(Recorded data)
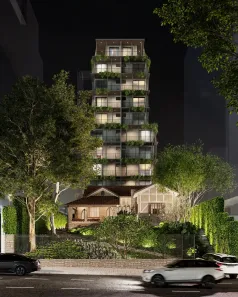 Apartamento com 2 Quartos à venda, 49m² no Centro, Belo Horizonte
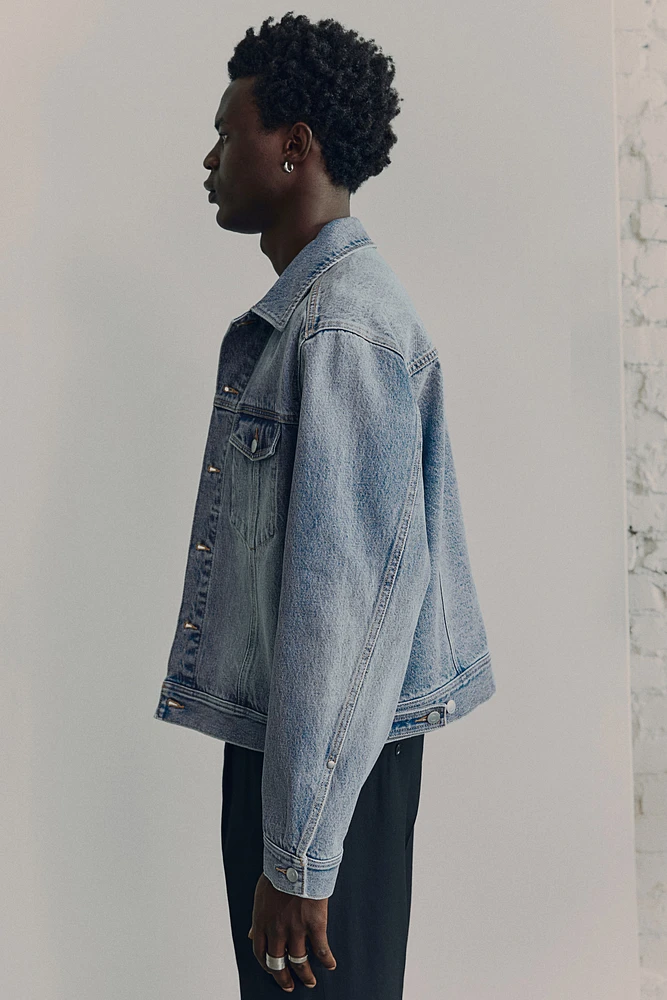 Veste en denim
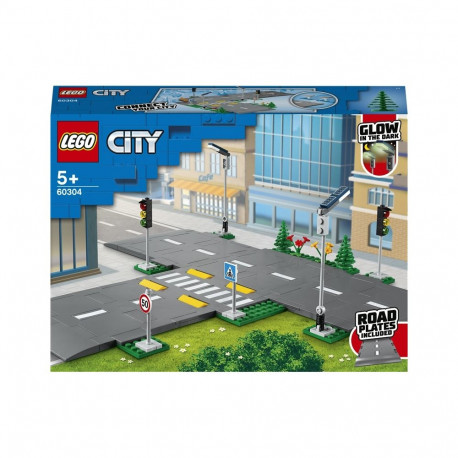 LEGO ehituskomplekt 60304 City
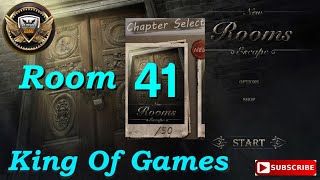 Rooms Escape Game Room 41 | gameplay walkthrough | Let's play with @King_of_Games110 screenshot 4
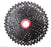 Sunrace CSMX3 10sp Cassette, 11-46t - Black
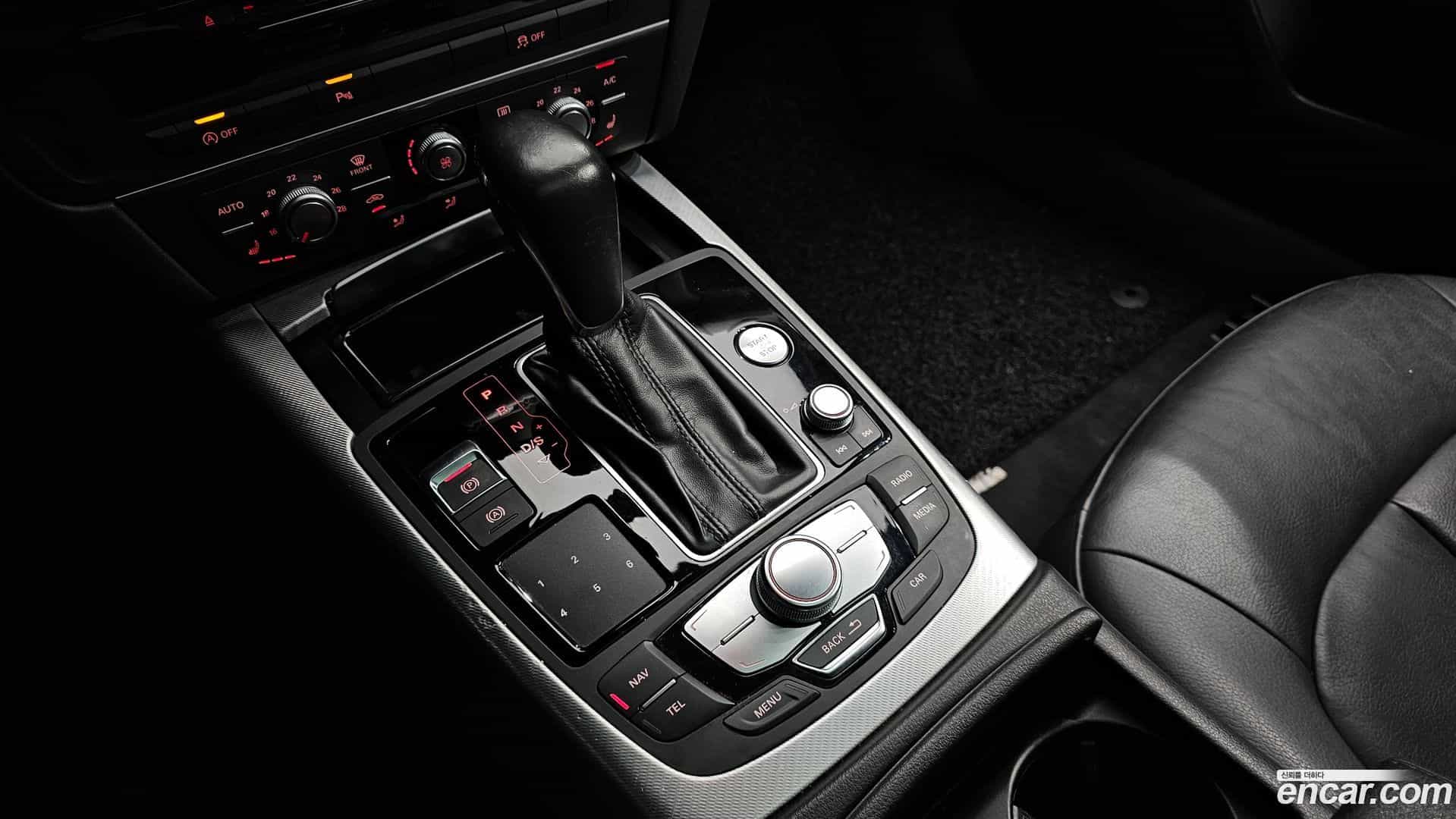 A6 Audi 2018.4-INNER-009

What the task requires
Please write the data out again exactly, but do not carry over the pictures.

Answer to this problem
 Apartamento com 2 Quartos à venda, 49m² no Centro, Belo Horizonte
 Veste en denim
 LEGO ehituskomplekt 60304 City
 Rooms Escape Game Room 41 | gameplay walkthrough | Let's play with @King_of_Games110 screenshot 4
 Sunrace CSMX3 10sp Cassette, 11-46t - Black
 A6 Audi 2018.4-INNER-009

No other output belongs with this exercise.